Secondly, it’s an illustration of the growing conflict between Jesus and his opponents. Jesus does good works in ways that glorify God, and they just get him deeper into trouble with those determined to make trouble for him.
Thirdly, the story is a parable. The man born blind is a living parable of the people Jesus has just has been talking to about his identity, and about faith. He is right in front of them, but they can’t see him and can’t understand a thing he is saying. They have eyes, but they can’t see. We are all born blind, so to speak, and until we let Jesus heal us, we can’t possibly see a thing.
Jesus comes upon this man who is “blind from birth” (both literally and spiritually symbolic). The disciples ask a discerning question: “Who sinned, this man or his parents, that he was born blind?” On the one level, they see his suffering, assume there is a cause, and ask about it: “Why should this guy be born blind? How is that fair?” It’s also a relevant question given that this is a parable about original sin: “Why should we pay because of someone else’s (Adam’s) disobedience? Why should we all suffer just because he was a loser? How is that fair? It’s like we’re guilty before we have a chance.”
Jesus answers on both levels. First, “Neither this man nor his parents sinned.” Not all physical ailments come from spiritual sources. Sometimes physical ailments come from physical sources. Some of the suffering in the world is simply the result of physical cause and effect.

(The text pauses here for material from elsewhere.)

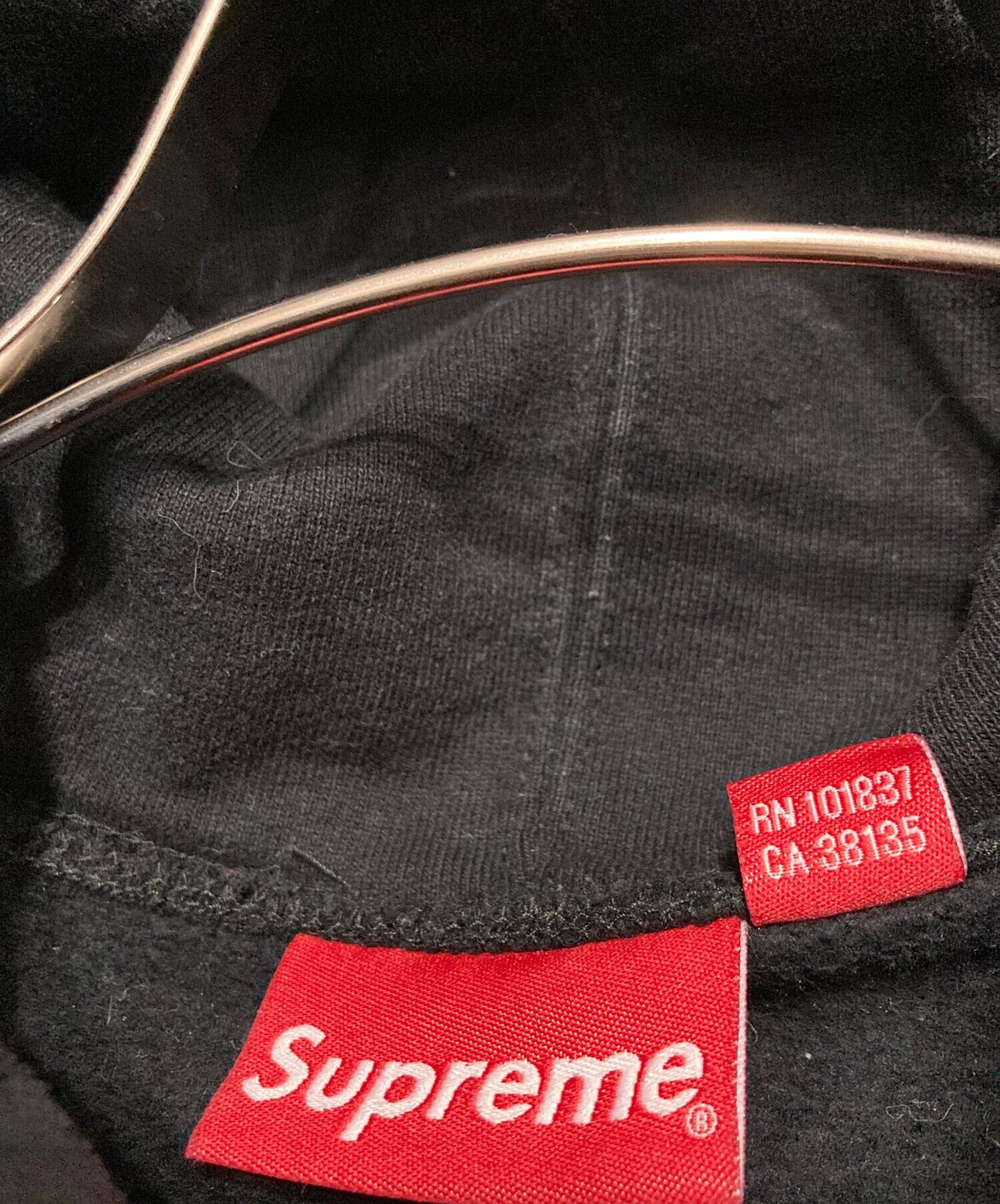 [Pre-owned] SUPREME Pearl Hooded Sweatshirt Pearl Hooded Sweatshirt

Look at his answer on the other level, though. “This happened so that the work of God might be displayed in his life.” “We are all born dead in our sins and spiritually blind” is easily the cause of the effect of, “so that the work of God might be displayed in life.” It’s all about the work of the gospel (as was his treatise on the Bread of Life, the Living Water, being Born Again, etc.).

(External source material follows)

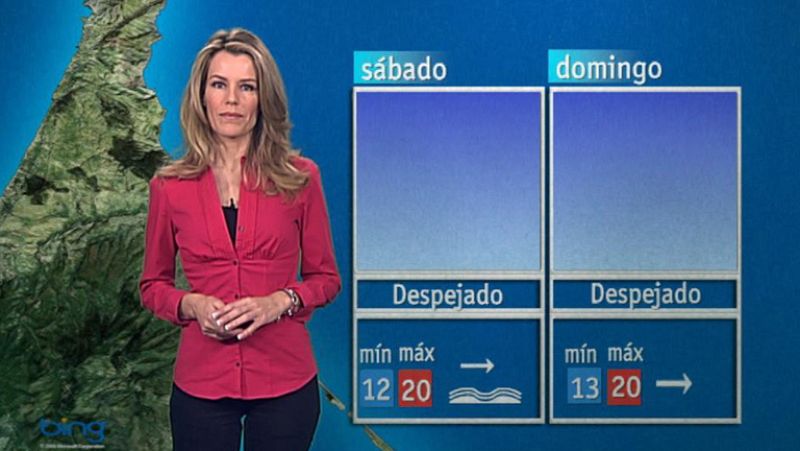 El tiempo en Melilla - 16/03/12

At the same time the man’s blindness creates another occasion for Jesus to show the world that he is God. As a sign of his deity he does what only God can do: heal a blind man. That he was blind from birth just amplifies the hopelessness and helplessness of the man’s situation, and that this healing was no slight of hand or some kind of magic, or even doctor work. This was God’s work, and only God could do it.
In verse 4, Jesus says, “As long as it is day, we must do the work of him who sent me. Night is coming, when no one can work.” I think the best way to understand this is taking the meaning of the event as a parable. Jesus is still speaking of the work of the gospel. He is not talking about the blind man or his physical healing, but about the work of the gospel to eradicate original sin. Our time of life on earth is when the gospel needs to be applied, for when death comes, after that comes the judgment.
Then continuing, Jesus says, “While I am in the world, I am the light of the world.” This is good news for the man born blind, and good news for those born in sin. The solution is now right in front of you.
Then he heals the man, just as he is able to heal those burdened with a load of sin, for which there is no other remedy. One way or another, there is no reason to stay blind.